Davita's Harp
Page 15
I sat at my desk, studying the book of Hebrew letters and words the Helfmans had given me. The winter wind rattled my window. Downstairs the Helfmans were singing again. If there was no snowstorm tomorrow morning, I would go again to the synagogue. That was better than sitting home listening to all the talk about Spain and Franco and Hitler and Stalin and the Abraham Lincoln Brigade and the bombing of Madrid and the battle for the Jarama and seeing in my mind pictures of arms and legs everywhere. It was comfortable in the synagogue and people sang together. And I liked being in the same room with David Dinn and imagining myself back on the beach with him and in the water waiting for the waves. And I knew a few of the Hebrew words now. And the door harp would sing as I went from the apartment. My door harp. Singing.
I sat in the synagogue behind the curtain and watched David Dinn and his father recite the Kaddish. The large room was crowded, the air warm. On the men’s side the windows were foggy with condensation. The murmurous voices, the incantatory tone of the man at the lectern before the ark, the rhythms of the congregation’s singing—I felt a drowsy languor wash over me, felt myself afloat in a warm and calming sea.
On the wintry sidewalk outside after the service I saw David Dinn and four or five of his friends and came over to them.
“Hello, David. Good Shabbos.”
“Hello, Ilana.” He still looked a little embarrassed whenever I came over to him. He wore a heavy dark-blue jacket and a woolen cap that covered his ears. A bitter cold wind blew along the parkway.

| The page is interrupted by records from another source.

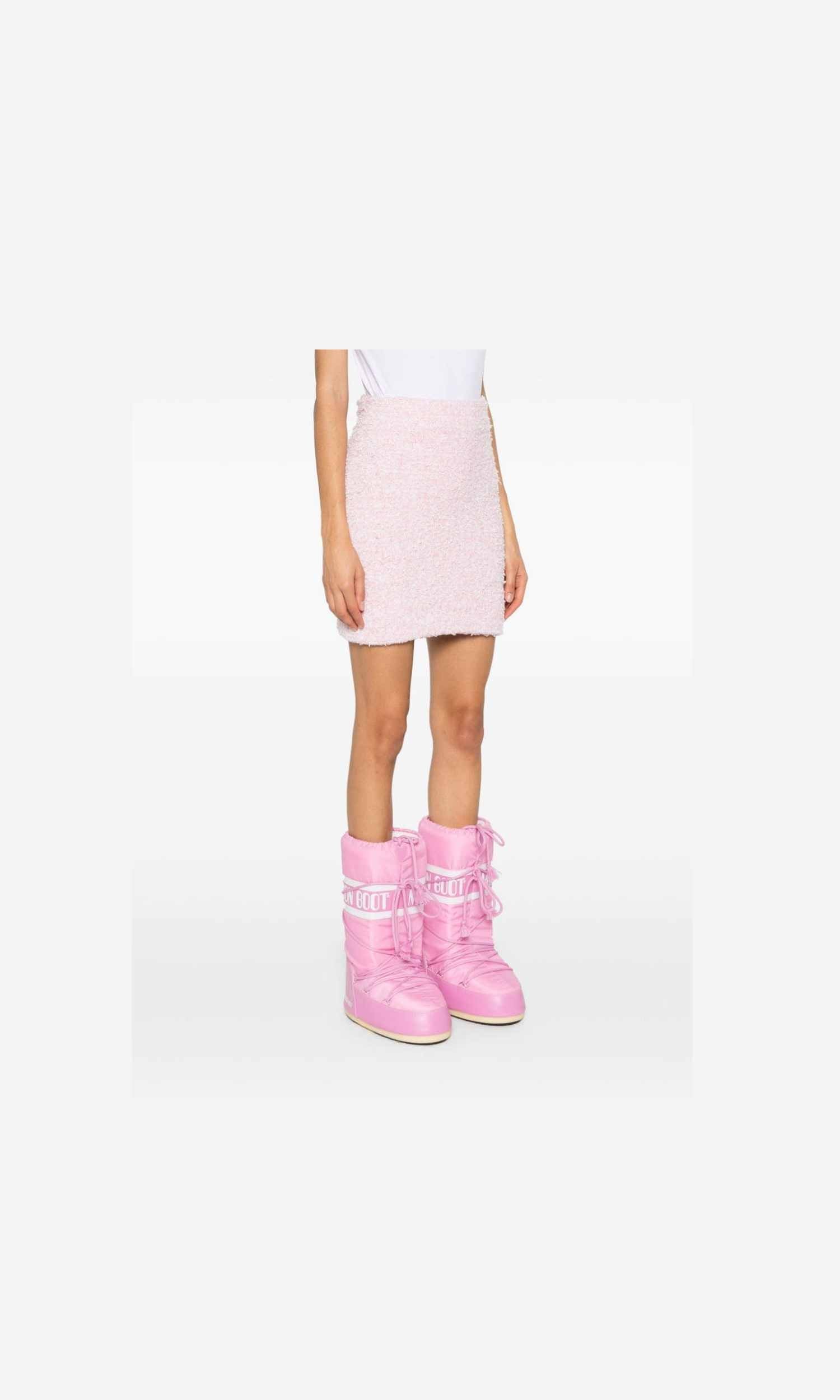 Balenciaga Pink Skirt Glam Steals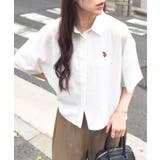 【U.S. POLO ASSN.】ワンポイント刺繍 クールエア 半袖シャツ | SETUP7【WOMEN】 | 詳細画像7 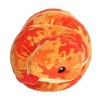 Aurora Small Wrist Wranglers Fiery Inferno Snake Snake Playful Stuffed Animal Orange 8" - 2 of 4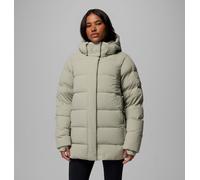 Columbia - Piumino di media lunghezza con cappuccio Amaze Puff™ - Verde - Taglia XL - Donna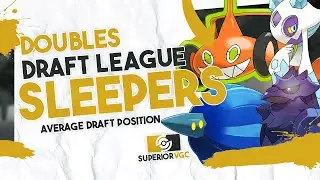 Pokémon ADP Sleepers You MUST Draft! | Doubles Draft League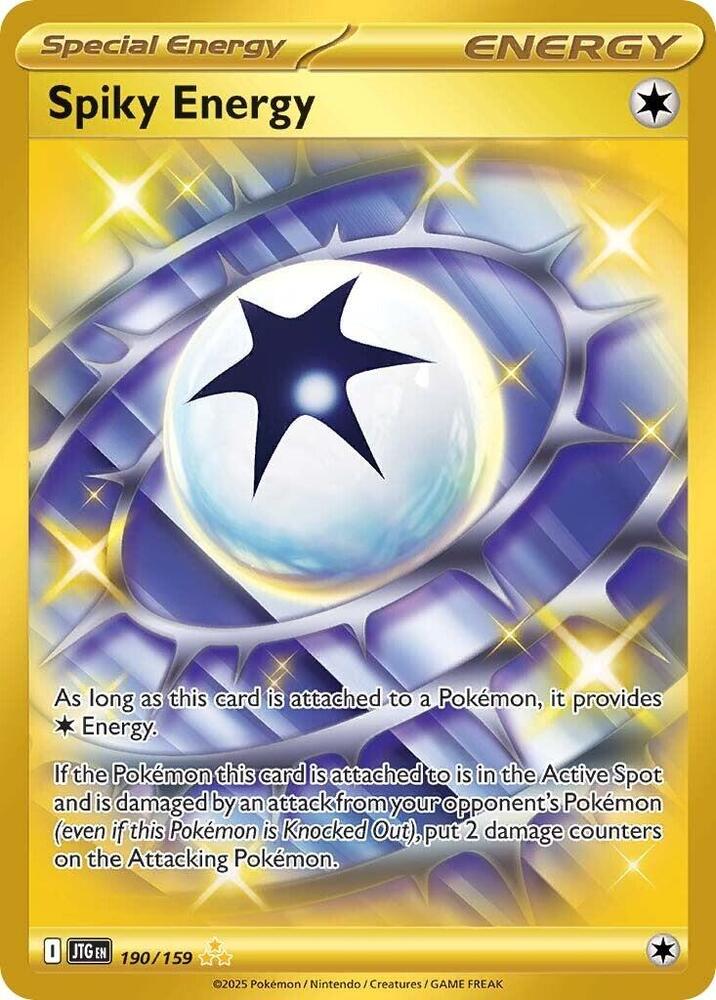 Spiky Energy 190/159 card from SV09: Journey Together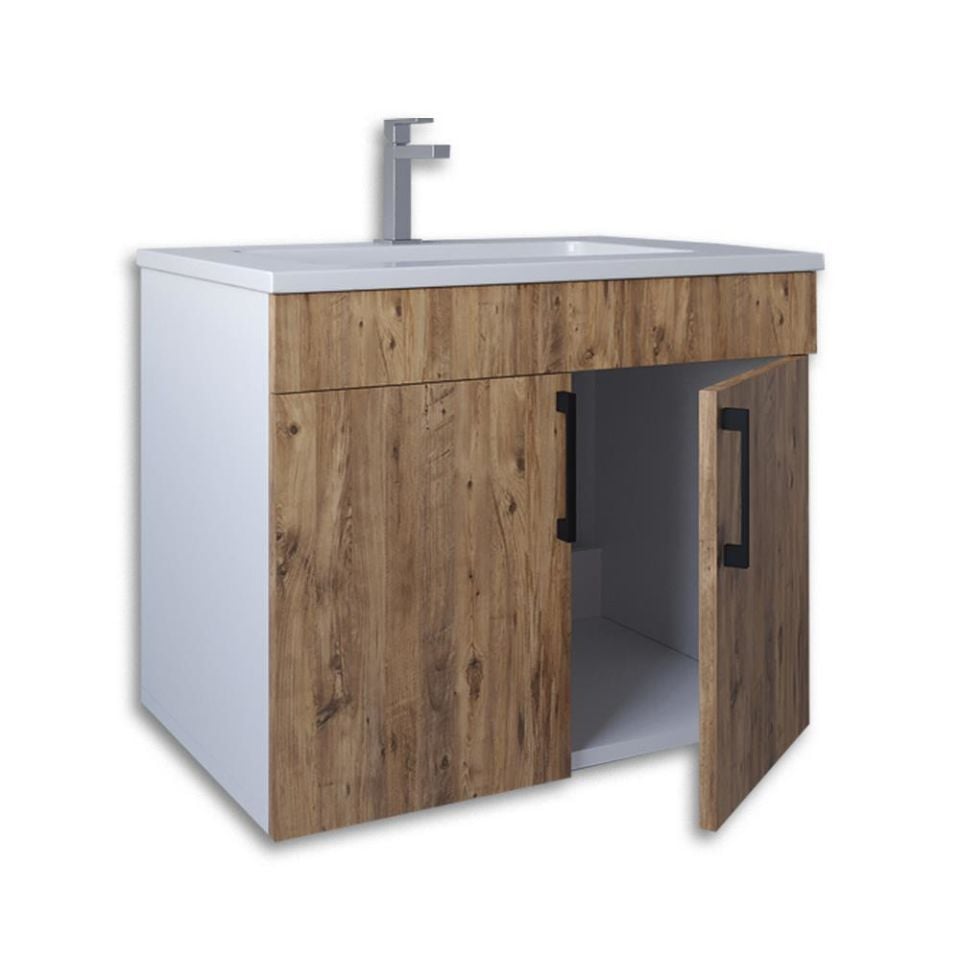 Teta Home Prag 65 cm Mdf Banyo Lavabolu Alt Dolap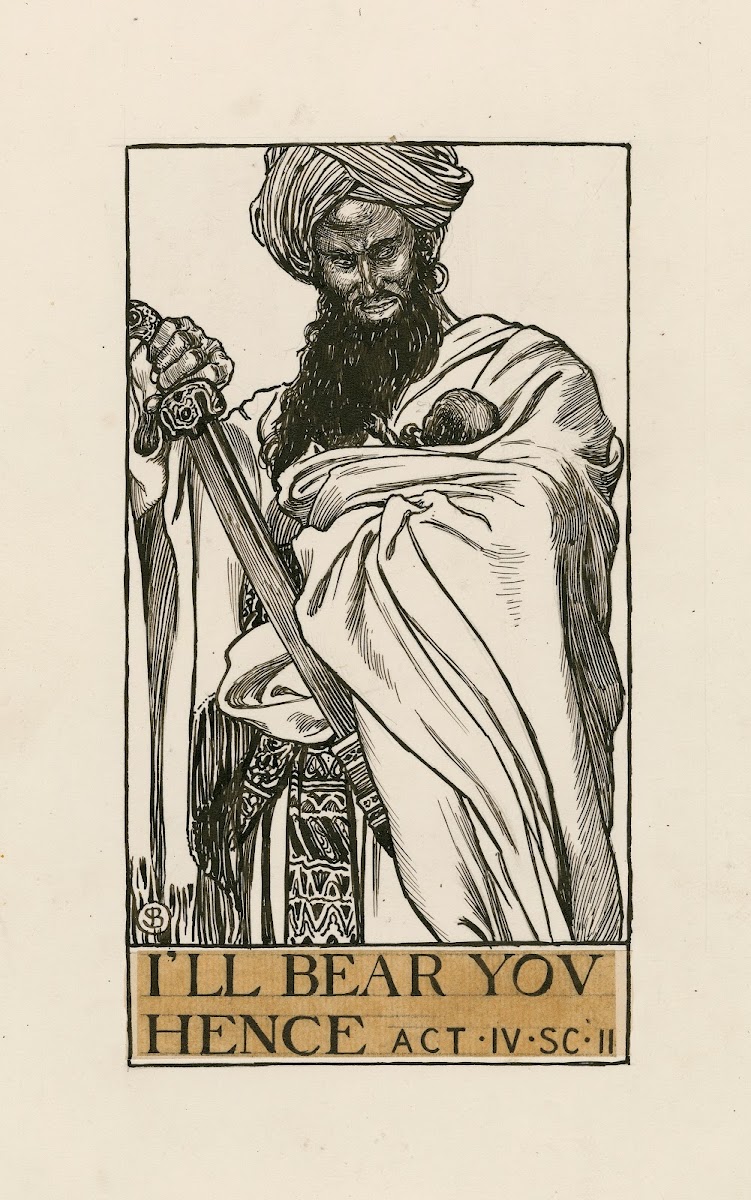 Titus Andronicus Ill bear you hence Act IV Scene II 1900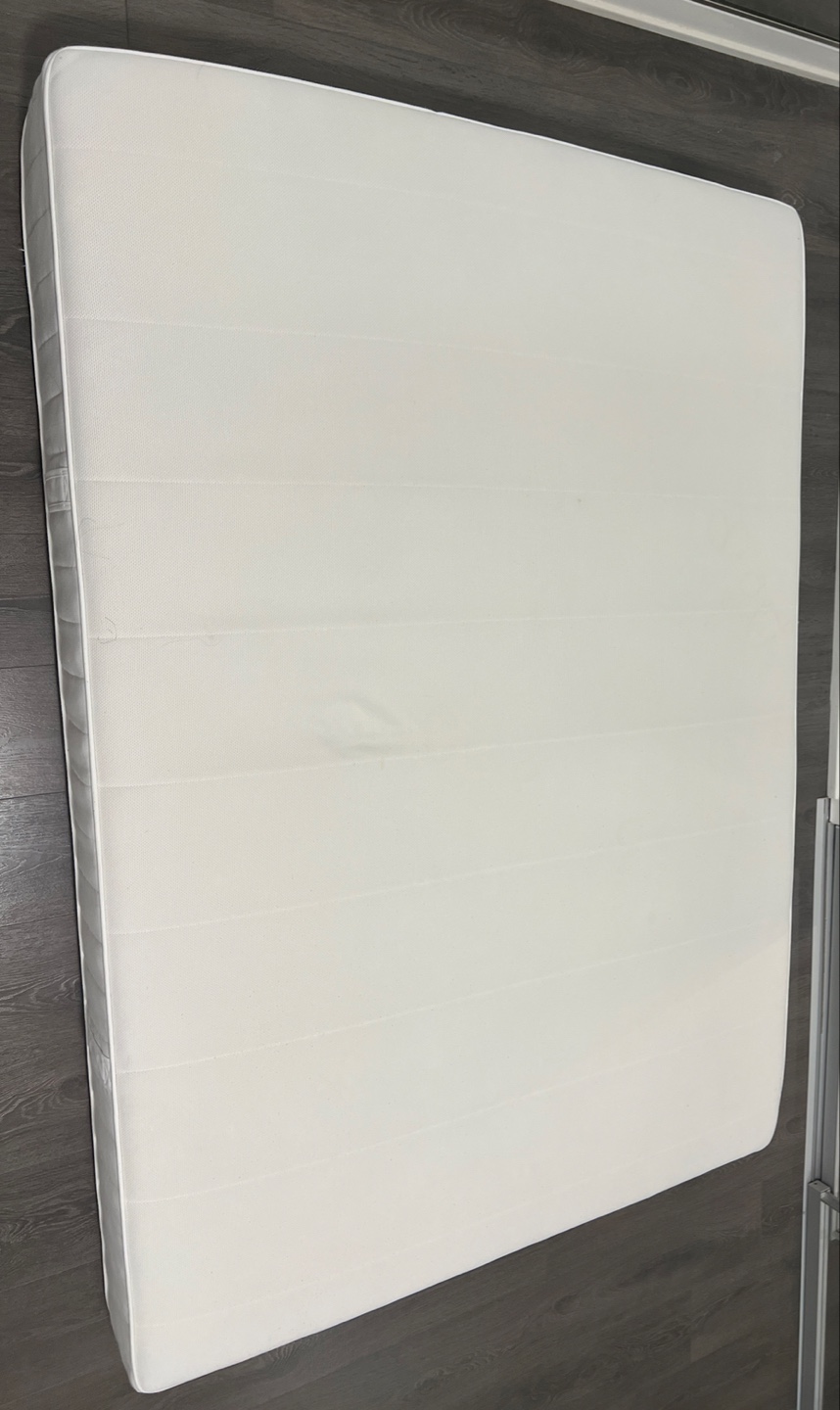 FREE IKEA Hybrid Mattress (Full, Medium Firm) – Pickup Aug 30 - photo 3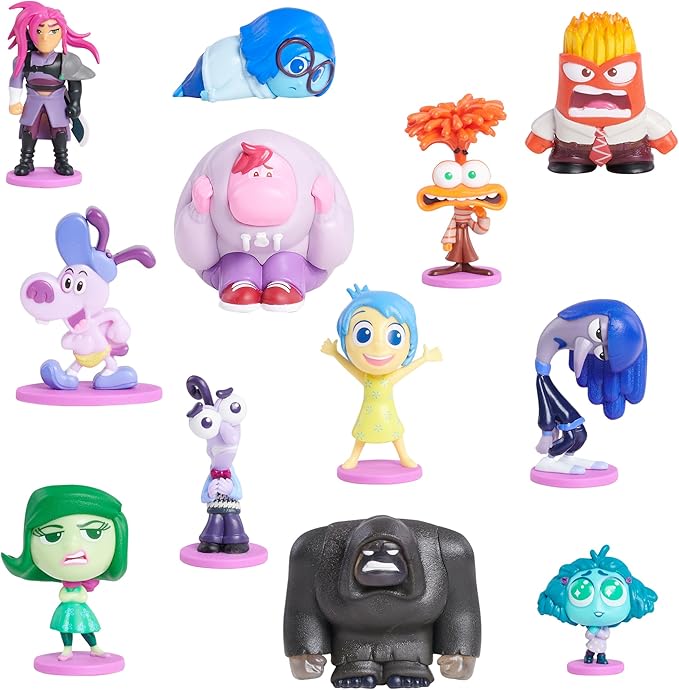 Buy Inside Out 2 Blind Collectible Figures (Sold Separately Subjected To Availability) | Yallatoys.com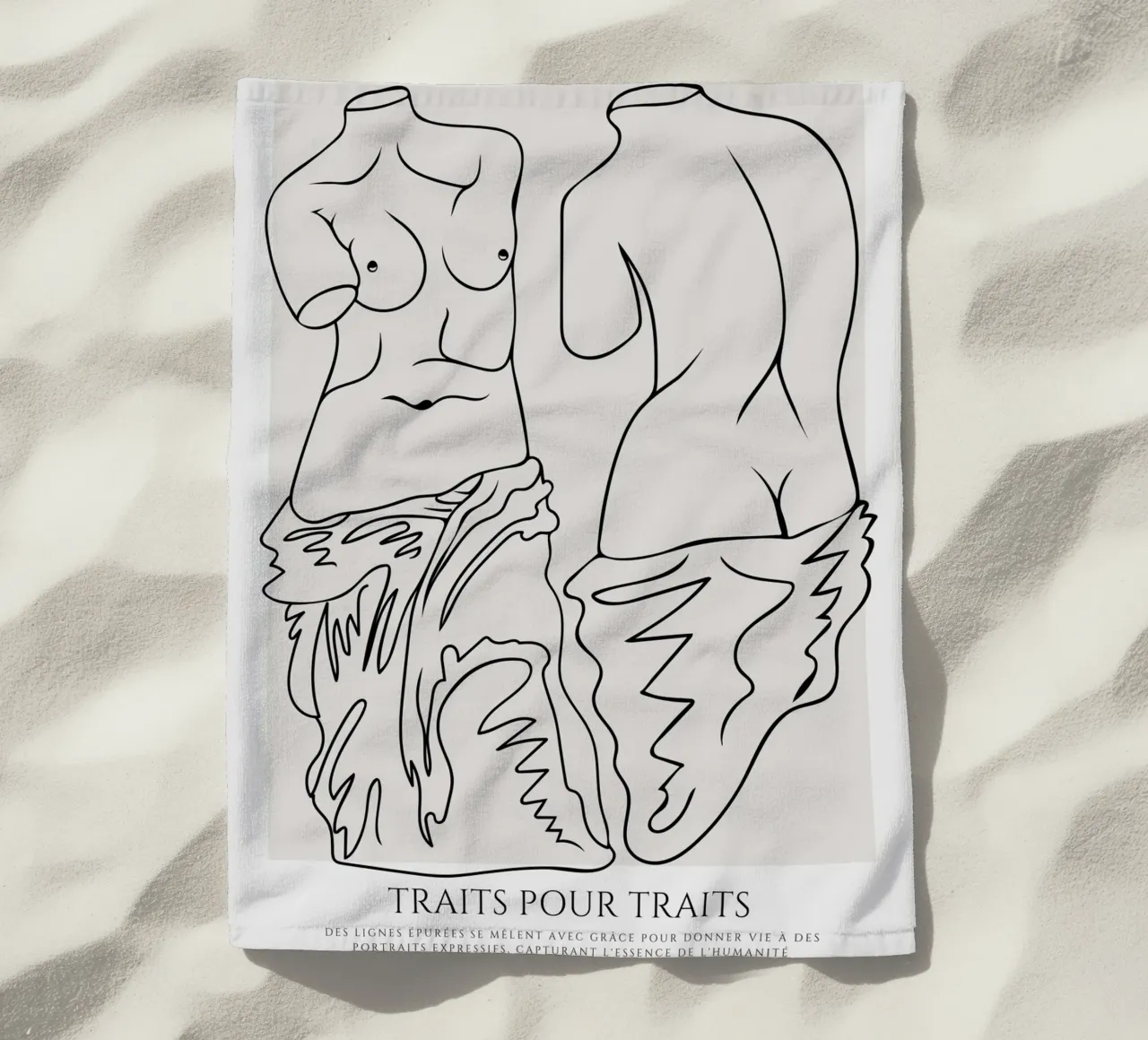 La dea telo mare da RS LAB STUDIO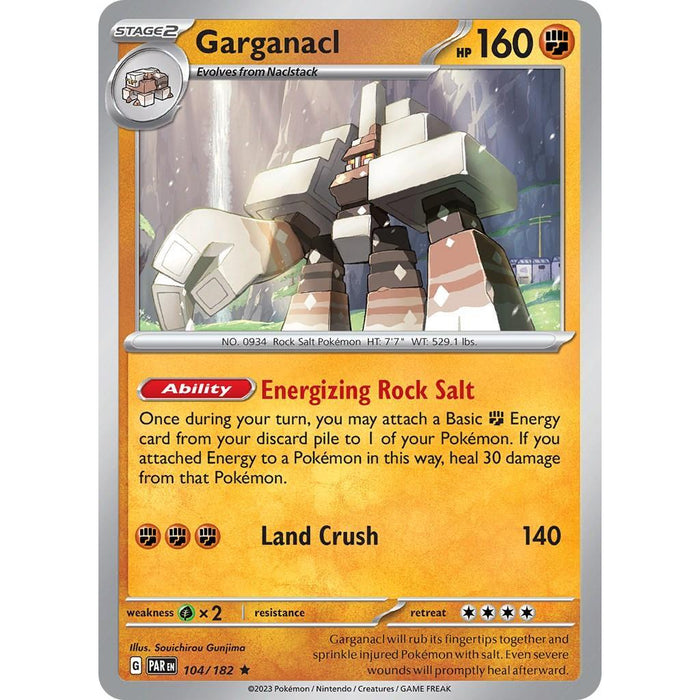 Garganacl - 104/182 [PAR - 104/182]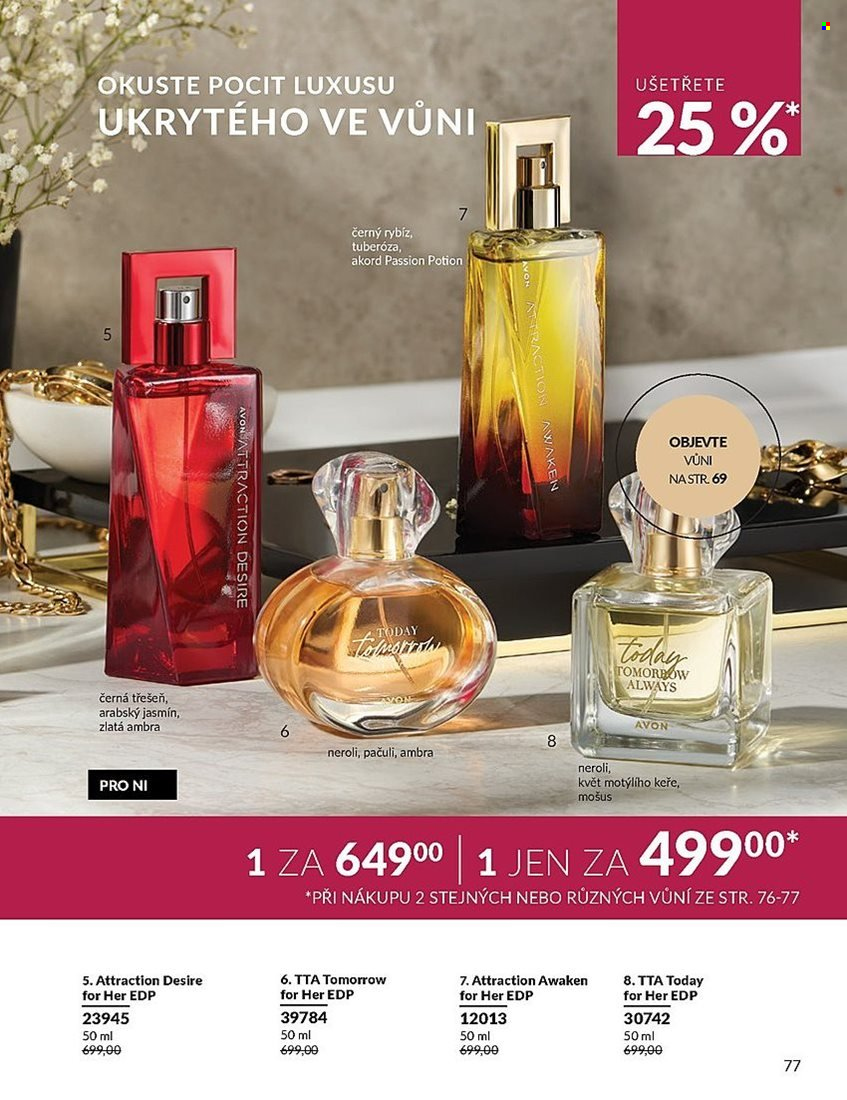 Leták AVON - 1.10.2024 - 31.10.2024. Strana 77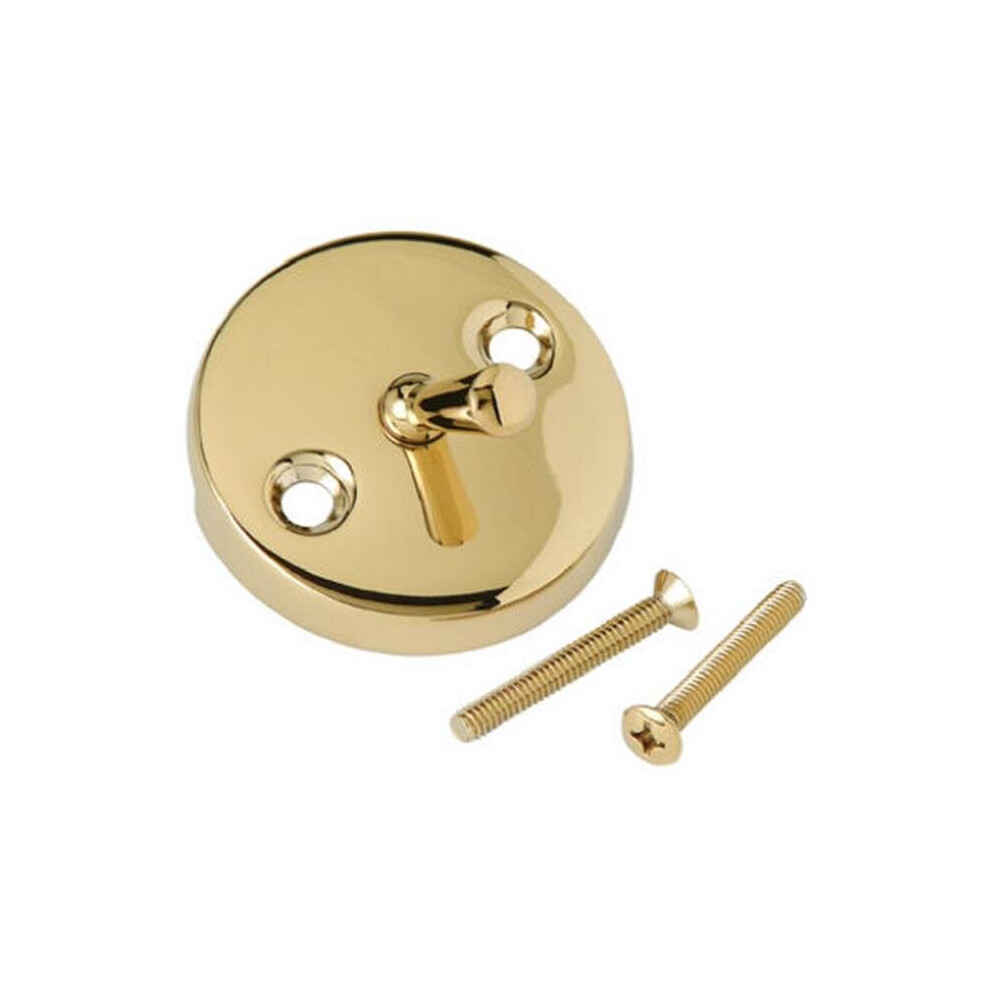 Master Plumber Polished Brass Overflow Face Plate-image-OPC-PB7QYJK-NEW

“What does the word yiyaw mean?” I asked. “I saw it in the prayerbook. Am I saying it right? Yiyaw?”
“I don’t ever remember seeing a word like that, Ilana,” David said. “Where is it?”
“I saw it a lot of times. Maybe I’m not saying it right. I was reading slowly to myself because I can’t follow everyone else, and I kept seeing these same two letters. I think you say them—”
“Oh,” David interrupted. “Wait!”
“Don’t say it!” one of his friends said loudly. “It’s the name of God!”
“It’s pronounced Adonoi when you pray,” David said. “And you say HaShem when you’re just using it in talk. You never pronounce those letters as they’re written, Ilana.”
“Why not?”
“The name of God is too holy to be pronounced.” “I don’t understand.”
“She doesn’t understand,” one of his friends echoed.
“That’s the law,” David said. “That’s the way you’re supposed to say it.”
I saw his father coming over to us through the crowd.
“Adonoi,” I said. “And HaShem. Is that right?”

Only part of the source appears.